Detecting duplicate and near-duplicate files - (deprecated) SEM Research Topics forum at WebmasterWorld - WebmasterWorld

Forum Moderators: open

Message Too Old, No Replies

Detecting duplicate and near-duplicate files

Google patent - Henzinger & Pugh

vitaplease

8:34 am on Jan 9, 2004 (gmt 0)

WebmasterWorld Senior Member

10+ Year Member

Detecting duplicate and near-duplicate files [patft.uspto.gov] - December 2, 2003

Inventors: Pugh; William (Kensington, MD); Henzinger; Monika H. (Menlo Park, CA)
Assignee: Google, Inc. (Mountain View, CA)
Filed: January 24, 2001

Filed while ago, but I did not see a mentioning of it here yet.

amongst others:

...In response to the detected duplicate documents, the present invention may also function to eliminate duplicate documents (e.g., keeping the one with best PageRank, with best trust of host, that is the most recent) Alternatively, the present invention may function to generate clusters of near-duplicate documents, in which a transitive property is assumed (i.e., if document A is a near-duplicate of document B, and document B is a near-duplicate of document C, then document A is considered a near-duplicate of document C). Each document may have an identifier for identifying a cluster with which it is associated. In this alternative, in response to a search query, if two candidate result documents belong to the same cluster and if the two candidate result documents match the query equally well (e.g., have the same title and/or snippet) if both appear in the same group of results (e.g., first page), only the one deemed more likely to be relevant (e.g., by virtue of a high PageRank, being more recent, etc.) is returned...

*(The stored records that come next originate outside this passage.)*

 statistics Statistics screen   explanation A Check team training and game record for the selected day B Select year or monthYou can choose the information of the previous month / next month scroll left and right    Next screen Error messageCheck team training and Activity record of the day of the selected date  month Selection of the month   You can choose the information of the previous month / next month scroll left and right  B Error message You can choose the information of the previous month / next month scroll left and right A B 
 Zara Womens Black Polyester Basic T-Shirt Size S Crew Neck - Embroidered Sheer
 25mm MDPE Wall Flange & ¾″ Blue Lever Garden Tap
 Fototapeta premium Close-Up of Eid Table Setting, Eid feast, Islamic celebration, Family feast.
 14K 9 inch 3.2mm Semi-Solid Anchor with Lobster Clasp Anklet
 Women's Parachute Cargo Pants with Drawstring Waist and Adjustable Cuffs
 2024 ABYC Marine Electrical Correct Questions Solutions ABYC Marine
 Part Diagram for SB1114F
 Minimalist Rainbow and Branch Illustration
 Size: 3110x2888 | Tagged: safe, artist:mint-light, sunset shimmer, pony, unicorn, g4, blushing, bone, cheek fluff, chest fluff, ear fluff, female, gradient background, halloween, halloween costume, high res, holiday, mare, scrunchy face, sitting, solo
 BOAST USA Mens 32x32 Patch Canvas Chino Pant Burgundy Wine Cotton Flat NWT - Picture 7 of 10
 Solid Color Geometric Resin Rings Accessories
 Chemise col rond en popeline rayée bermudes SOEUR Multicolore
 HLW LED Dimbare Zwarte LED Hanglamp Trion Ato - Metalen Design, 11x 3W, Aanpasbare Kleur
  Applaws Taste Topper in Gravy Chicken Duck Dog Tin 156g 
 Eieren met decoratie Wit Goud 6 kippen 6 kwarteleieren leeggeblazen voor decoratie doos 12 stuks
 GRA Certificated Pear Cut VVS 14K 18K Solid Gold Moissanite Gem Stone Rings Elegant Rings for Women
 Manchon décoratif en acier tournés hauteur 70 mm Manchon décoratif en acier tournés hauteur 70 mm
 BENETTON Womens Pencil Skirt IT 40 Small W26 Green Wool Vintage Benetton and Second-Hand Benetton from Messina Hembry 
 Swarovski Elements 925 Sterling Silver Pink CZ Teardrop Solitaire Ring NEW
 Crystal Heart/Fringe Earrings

I found the part with the "best trust of host" interesting.

brotherhood of LAN

8:45 am on Jan 9, 2004 (gmt 0)

WebmasterWorld Senior Member

10+ Year Member

Top Contributors Of The Month

>interesting

A lot of people talk about "penalties", on the flip side, those who rank higher could be "more trustworthy".

hashing each of the extracted parts to generate a hash value for each of the extracted parts....
The method of claim 15 wherein the act of determining a fingerprint uses a hashing function with a low probability of collision

I wonder if the hash includes HTML markup, extra spaces, added word at beginning/end etc. Either way the "low probability of collision" sounds worrying, considering how many permutations there can be of putting words in a sentence, in a given order, they must have a very good way of hashing it into a 4/8/whatever byte number :)

zgb999

10:47 am on Jan 9, 2004 (gmt 0)

10+ Year Member

I checked one of the articles mentioned in the patent:
Some applications of Rabin's fingerprinting method [citeseer.nj.nec.com]
[pdf file]

But I couldn't find the other article mentioned in the patent:
M. O. Rabin. Fingerprinting by random polynomials. Center for Research in
Computing Technology, Harvard University, Report TR-15-81, 1981.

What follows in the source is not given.